Date and Place of Trial/Hearing:

September 1, 2006

New Westminster, B.C.

[1] The plaintiffs seek from O’Neill Hotels & Resorts Ltd. delivery of the following documents:

1. Any projections relating to the expected operational results for the Westin Resort & Spa Whistler prepared any time before April 1999, as well as any copies of any third party reports regarding the expected operational results for the Westin Resort & Spa Whistler received before the end of April 1999.

2. Any correspondence with Westin Hotel Company, related or successor corporations regarding revenue or costs expectations relating to the Westin Resort & Spa Whistler at any time before the end of April 1999.

3. Alternatively the plaintiffs seek the same orders from OHR Whistler Management Ltd., a non-party to this action.

[2] Related to these orders is another motion by the plaintiffs for an order that Mr. John O’Neill, a representative of O’Neill Hotels & Resorts Ltd., and Mr. Cressey, a personal defendant and a representative of the defendant Cressey Development Corporation, answer questions with respect to these matters.

[3] Counsel for O’Neill Hotels & Resorts Ltd. and Mr. O’Neill, as well as counsel for Mr. Cressey and his company oppose production of these documents and any questions with respect to these matters on the basis that they have no relevance to the issues in this action.
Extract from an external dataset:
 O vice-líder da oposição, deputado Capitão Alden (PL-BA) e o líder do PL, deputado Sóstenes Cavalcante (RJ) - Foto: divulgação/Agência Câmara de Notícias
[4] This action concerns the purchase of strata units by the individual plaintiffs in the Westin Grand Hotel in downtown Vancouver, and alleged misrepresentations and non-disclosures on the part of the defendants related to financial projections for the hotel made in a disclosure statement dated November 8, 1996, for the years ending December 31, 1999 through December 31, 2003.

[5] The disclosure statement was amended on July 8, 1997 and on March 19, 1999.
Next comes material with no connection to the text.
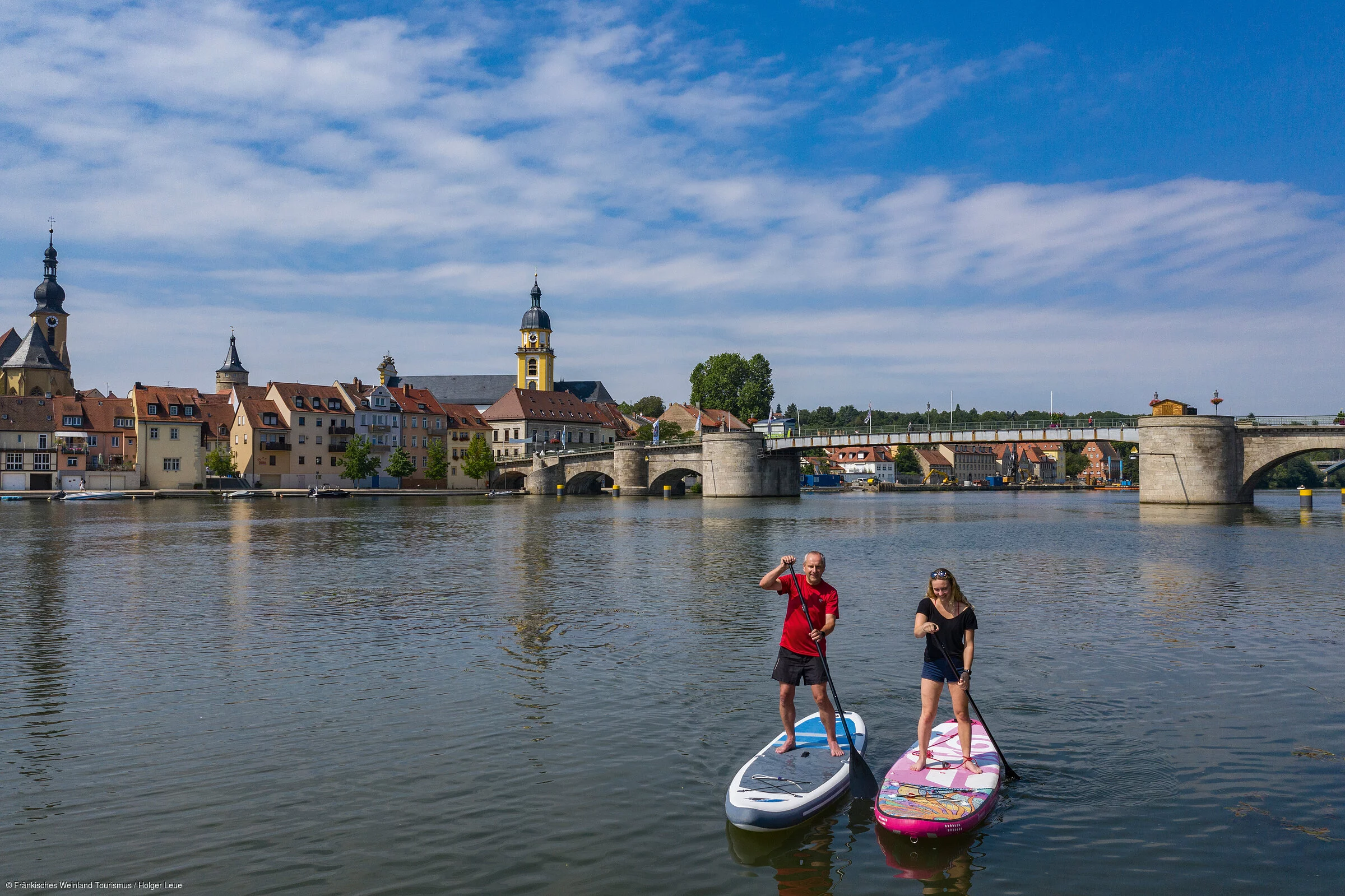 Stand up Paddling auf dem Mainufer (Kitzingen/Fränkisches Weinland)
[6] The hotel opened on April 1, 1999. OHR Grand Management managed the hotel for the first 13 days on behalf of the developer and thereafter entered into a management agreement with The Owners, Strata Plan LMS 3851.
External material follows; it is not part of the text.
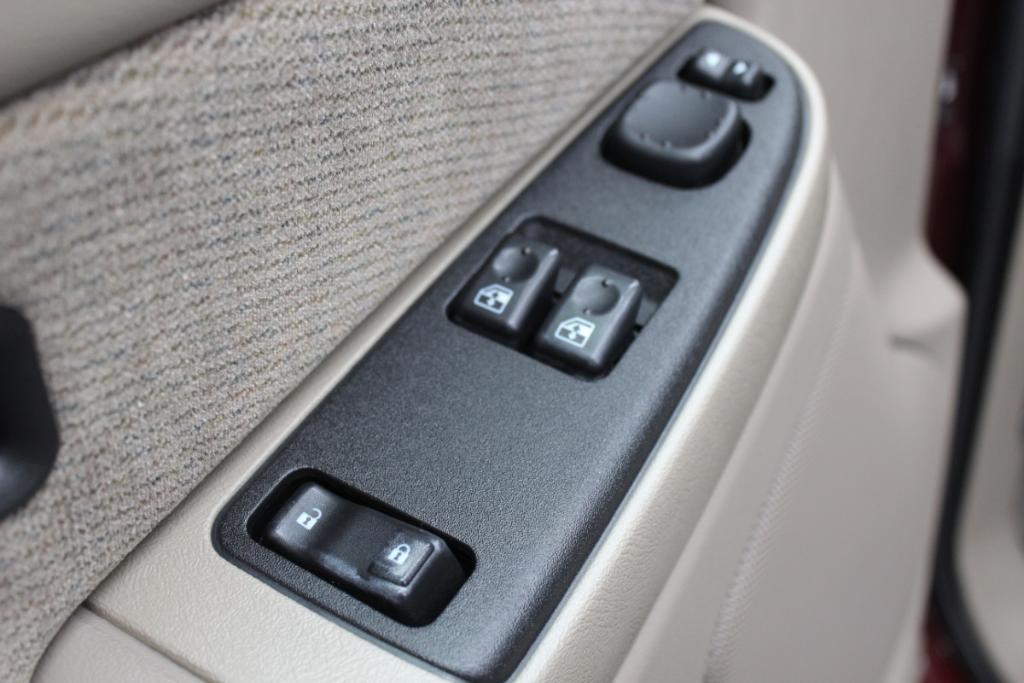 used 2003 GMC Sierra 1500 car, priced at $18,988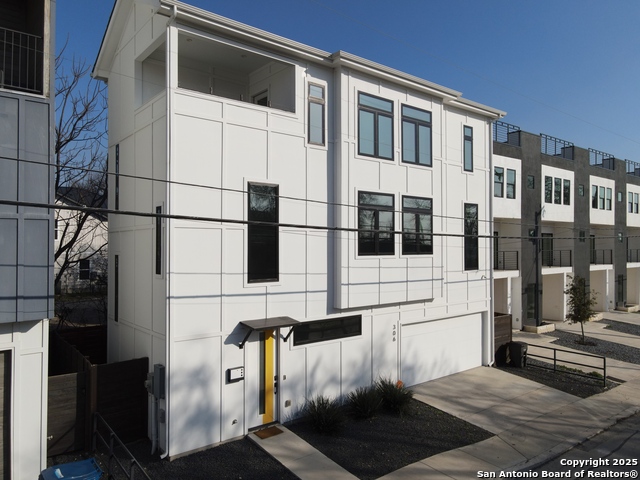Listing photo id 22 for 306 Mesquite St S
[7] The plaintiffs allege that the projections included in the 1996 disclosure statement were never updated thereafter to the opening of the hotel on April 1, 1999, when the defendants knew or should have known that they no longer had any real validity, if they ever did, and should have been updated.

[8] The plaintiffs submit that the Westin Whistler documents may reveal information and knowledge in the possession of the O’Neill group that may be relevant to information and knowledge in the possession of the O’Neill group with respect to the Westin Vancouver hotel, before it opened.

[9] The evidence from Mr. John O’Neill in his affidavit of May 18, 2006 is that the Westin Whistler project originated sometime in December 1996 and came to be managed by OHR Whistler Management Ltd., a wholly owned subsidiary of O’Neill Hotels & Resorts Whistler Ltd., which in turn is a wholly owned subsidiary of O’Neill Hotels & Resorts Ltd.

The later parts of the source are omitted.